Enfin au bout de vingt-cinq minutes, pendant lesquelles les malheureux demeurèrent entre la vie et la mort, la chaloupe accosta le brick.
Du bâtiment en flammes on pouvait voir le brick et la chaloupe ; seulement on perdait les détails.
La première créature humaine qui passa du canot sur le brick fut le fils du major Mac Grégor âgé de trois semaines, qui, enlevé des bras de sa mère par M. Thomson, quatrième lieutenant du Kent et commandant l'embarcation, fut soulevé jusqu'à la hauteur des bras qui s'étendaient du brick pour le recevoir.

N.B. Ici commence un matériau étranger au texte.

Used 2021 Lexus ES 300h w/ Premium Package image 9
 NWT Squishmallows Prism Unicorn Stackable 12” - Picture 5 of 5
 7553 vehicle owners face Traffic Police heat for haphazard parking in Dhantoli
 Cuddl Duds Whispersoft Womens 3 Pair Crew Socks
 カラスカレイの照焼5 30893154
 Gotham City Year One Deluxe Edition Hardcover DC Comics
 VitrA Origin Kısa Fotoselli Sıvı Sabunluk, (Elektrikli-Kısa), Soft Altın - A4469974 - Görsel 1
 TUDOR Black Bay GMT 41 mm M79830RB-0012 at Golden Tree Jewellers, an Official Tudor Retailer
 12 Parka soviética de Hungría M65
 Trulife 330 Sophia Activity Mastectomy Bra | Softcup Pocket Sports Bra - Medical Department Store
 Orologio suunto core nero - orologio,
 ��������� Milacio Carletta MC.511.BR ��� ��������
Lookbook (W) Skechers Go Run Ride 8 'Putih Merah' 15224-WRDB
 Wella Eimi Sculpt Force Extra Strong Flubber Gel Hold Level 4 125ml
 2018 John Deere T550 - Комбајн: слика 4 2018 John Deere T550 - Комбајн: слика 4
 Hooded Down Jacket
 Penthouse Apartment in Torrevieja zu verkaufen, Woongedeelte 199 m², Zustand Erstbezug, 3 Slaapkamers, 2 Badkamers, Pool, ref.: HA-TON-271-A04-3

Ainsi fut récompensée la sainte confiance du capitaine en Dieu.
Puis il en fut fait ainsi de tous les enfants et de toutes les mères, qui furent sauvés, depuis le premier enfant jusqu'à la dernière mère.
Les femmes sans enfants vinrent ensuite et passèrent à leur tour sans accident de la chaloupe sur le brick.
Puis le canot reprit sa course vers le Kent avec les seuls matelots, qui faisaient force de rames pour aller au secours de leurs compagnons.
Quand tous ces hommes, marins, soldats, passagers, virent revenir les canots vides, lorsqu'ils eurent la certitude que leurs femmes et leurs enfants étaient arrivés sans accident, un instant ceux qui jouissaient du bonheur de savoir ces êtres bien-aimés en sûreté oublièrent la situation où ils étaient eux mêmes, et, suspendus entre deux abîmes, rendirent grâce à Dieu.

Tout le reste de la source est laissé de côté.